* [EXCERPTED DATA]
*** Begin section ***

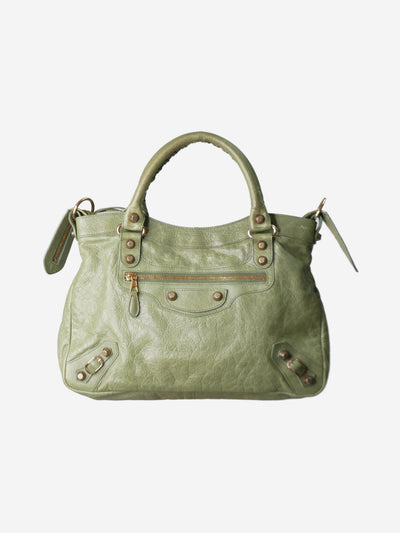 Green classic city bag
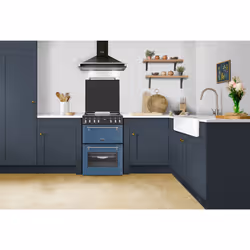 Stoves 444411999 cooker Freestanding cooker Electric Zone induction hob Blue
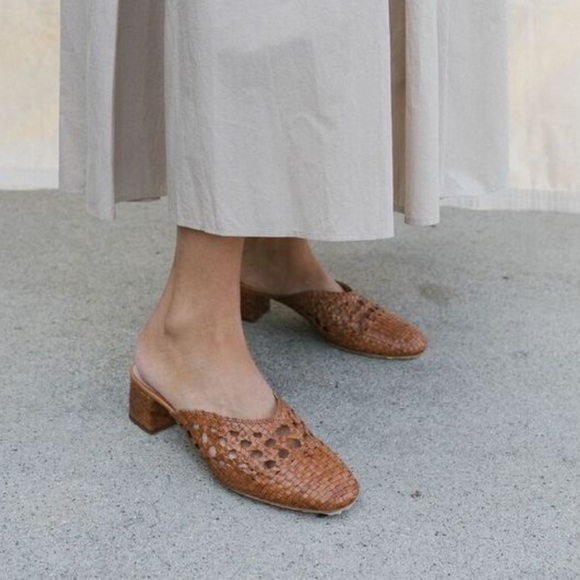 Loeffler Randall Lulu Woven Leather Mule - Picture 2 of 16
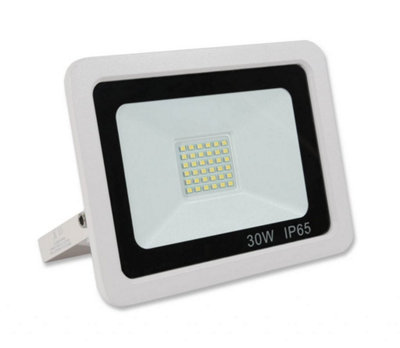 30w LED Floodlight - White Casing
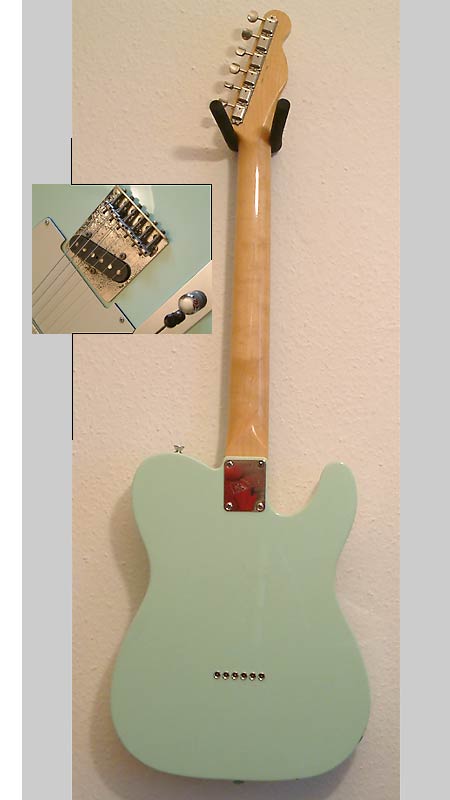 Hier die Aufloesung: Tele von ESP, 400 Series. Baujahr ca. 1986; gekauft und ausgesucht bei ESP in Duesseldorf. Danke an Mr. X (den Techniker), der mir damals diese Gitarre so grandois eingestellt hat!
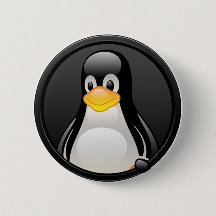 Linux - Tux head Button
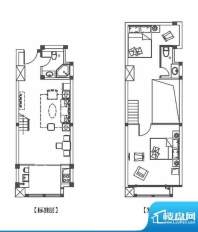 中环城公寓新户型单面积:71.00平米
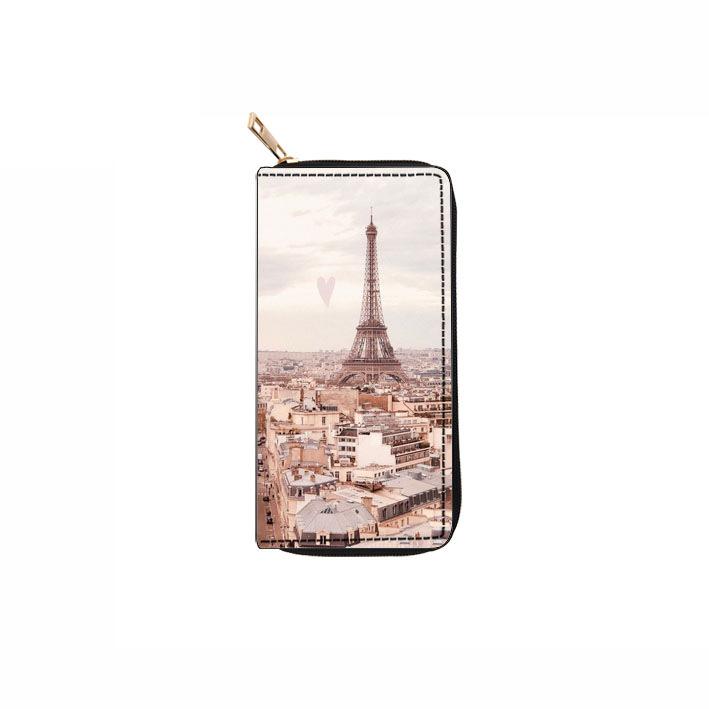 

Кошелек-клатч с длинной молнией «Эйфелева башня»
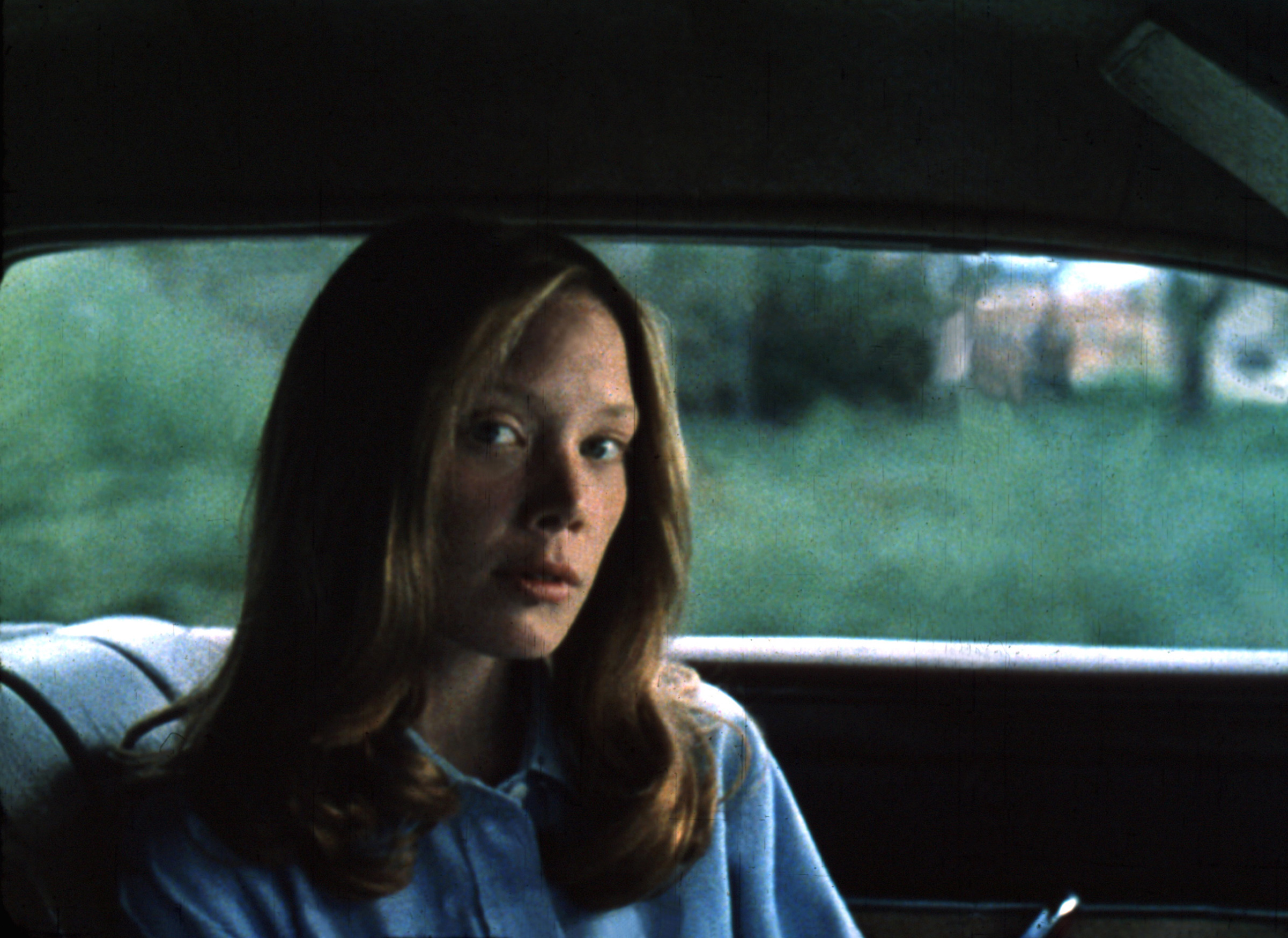 Sissy Spacek on the set of 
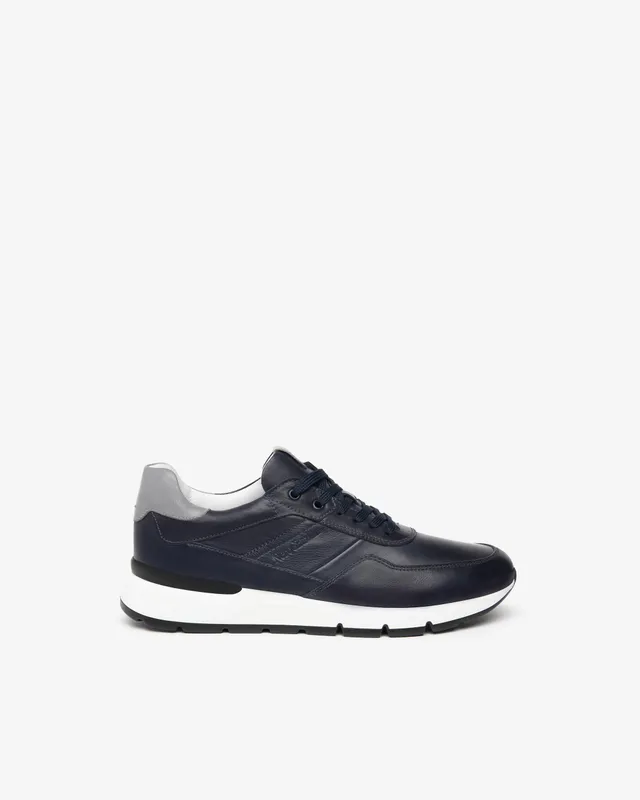 NeroGiardini Sneakers Homme en Cuir DryGo Confort
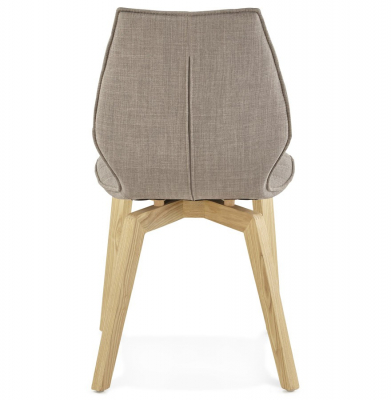 Scaun HARDY tapiterie textila gri, picioare lemn, stil scandinav, CH01370GR - Kokoon [4]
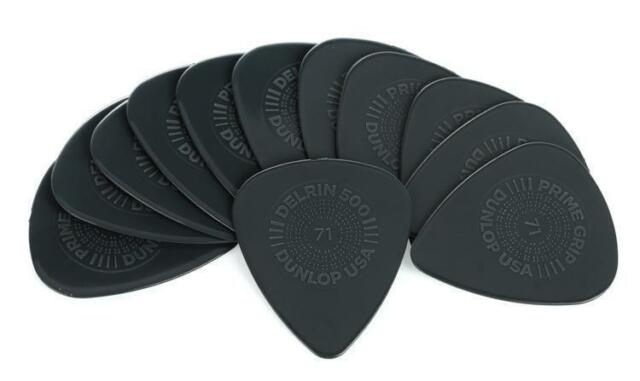 Dunlop 450P071 Prime Grip Delrin 500 Guitar Picks .71mm Guitar Picks - 12 Pack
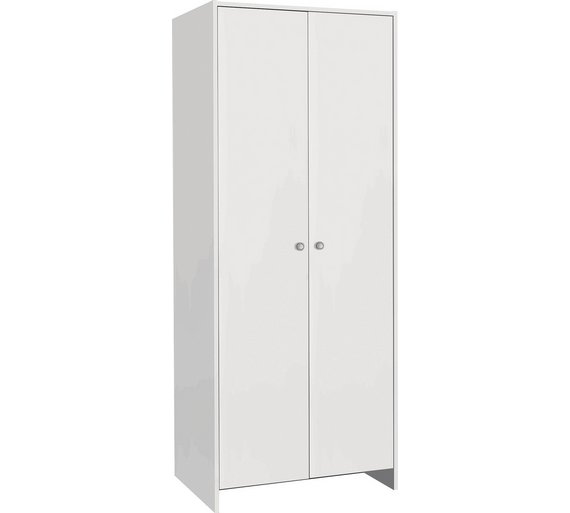 Buy HOME Seville 2 Door Wardrobe - White at Argos.co.uk - Your Online ...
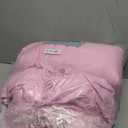 Full Size Bedding Sets for Girls 6Pcs Pink Purple Rainbow Kids Comforter Set with Sheets Moon Heart Print on White Teen Girl Bed in A Bag (Rainbow, Full)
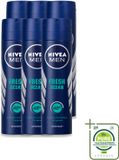 Nivea Men Fresh Ocean Déodorant Spray - 6 pièces - 150 ml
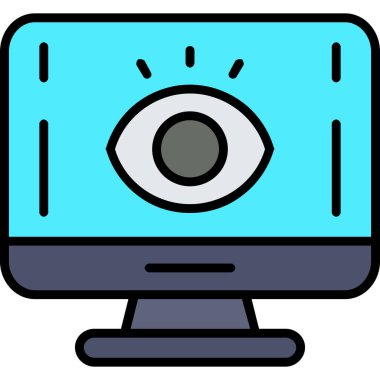 Video kamera simgesi. özet kamera vektörü simgesi düz renk izole edildi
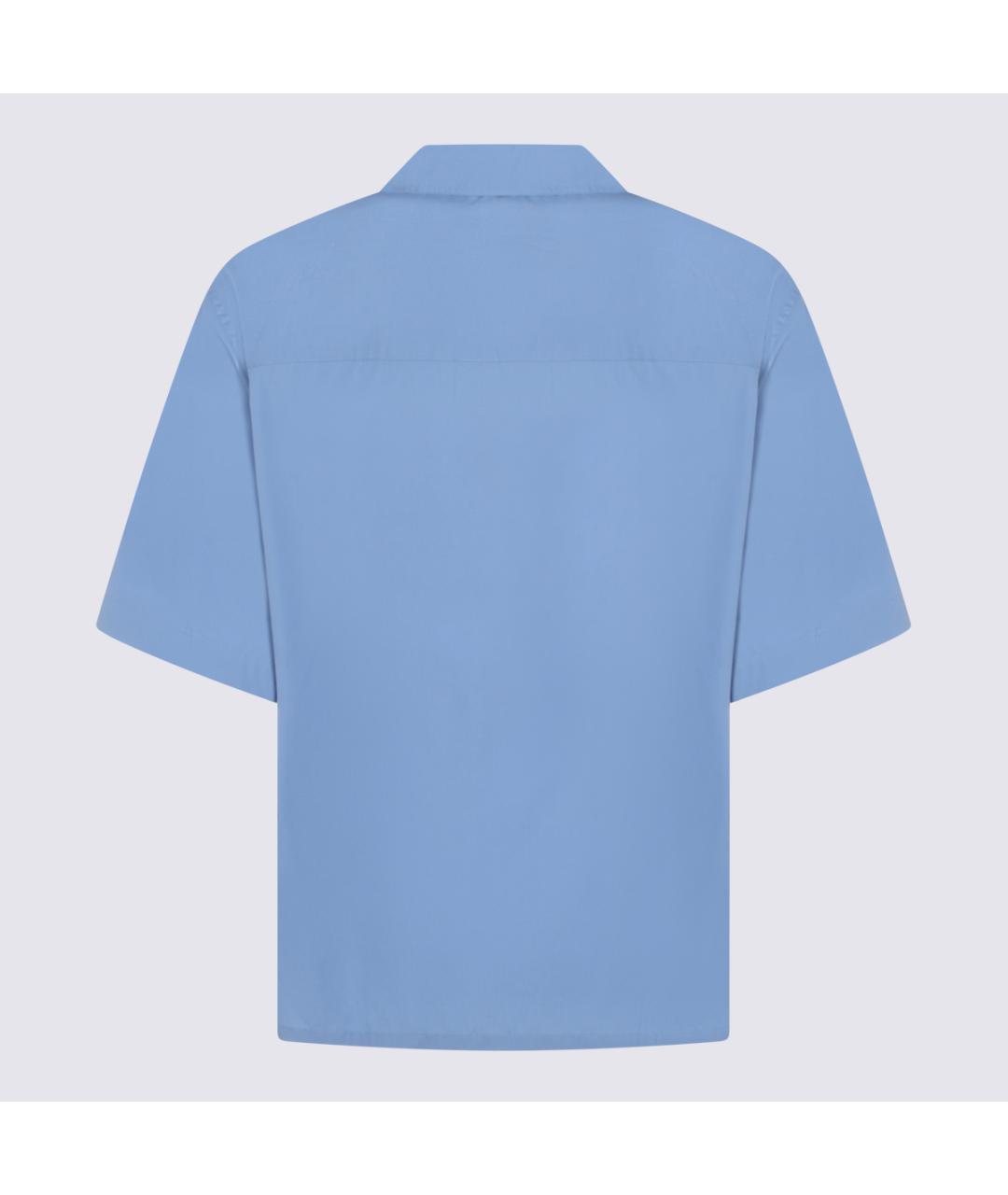 MARNI Синяя хлопковая кэжуал рубашка, фото 2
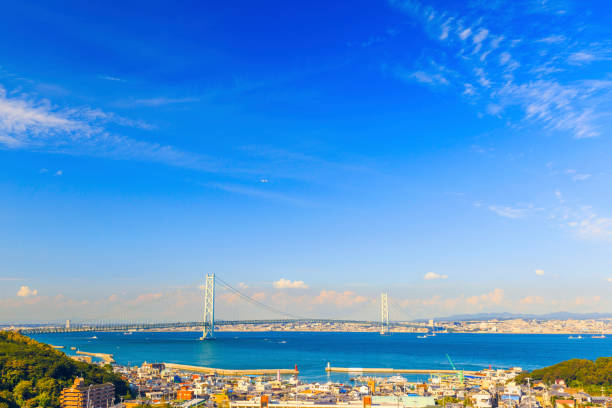 Akashi Kaikyo Bridge at Kobe Hyogo,Japan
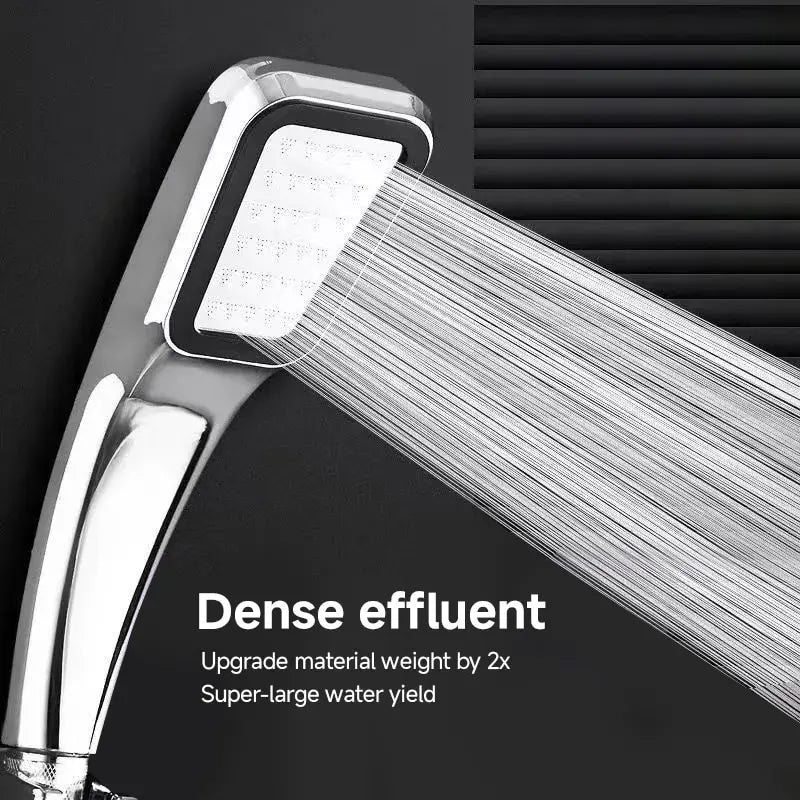 Pommeau de Douche 300 Trous Haute Pression | Jet Pluie Puissant & Économie d'Eau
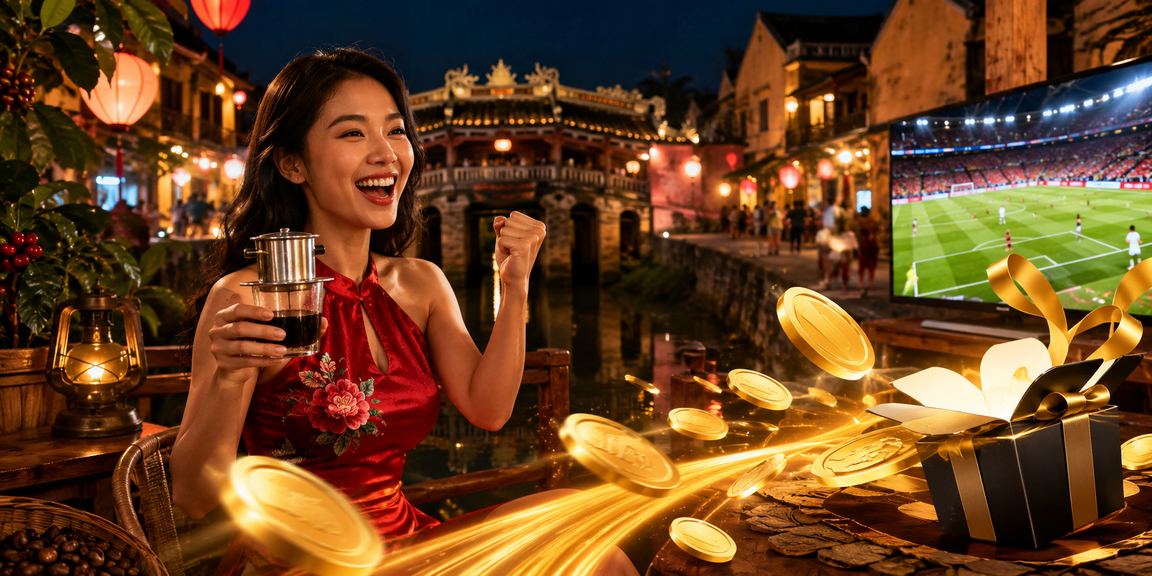 Người dùng VIP nhận ưu đãi đặc biệt tại Hội An trong quán cà phê truyền thống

*** End section ***

* [TRY IT] From the records above, give again only the part that opens with the line containing "Sissy Spacek on the set of" and closes with the line containing "MARNI Синяя хлопковая кэжуал рубашка, фото 2". Keep both ends but drop the pictures.

* [SOLUTION TO THIS PROBLEM]
 Sissy Spacek on the set of 
 NeroGiardini Sneakers Homme en Cuir DryGo Confort
 Scaun HARDY tapiterie textila gri, picioare lemn, stil scandinav, CH01370GR - Kokoon [4]
 Dunlop 450P071 Prime Grip Delrin 500 Guitar Picks .71mm Guitar Picks - 12 Pack
 Buy HOME Seville 2 Door Wardrobe - White at Argos.co.uk - Your Online ...
 Full Size Bedding Sets for Girls 6Pcs Pink Purple Rainbow Kids Comforter Set with Sheets Moon Heart Print on White Teen Girl Bed in A Bag (Rainbow, Full)
 Nivea Men Fresh Ocean Déodorant Spray - 6 pièces - 150 ml
 Video kamera simgesi. özet kamera vektörü simgesi düz renk izole edildi
 MARNI Синяя хлопковая кэжуал рубашка, фото 2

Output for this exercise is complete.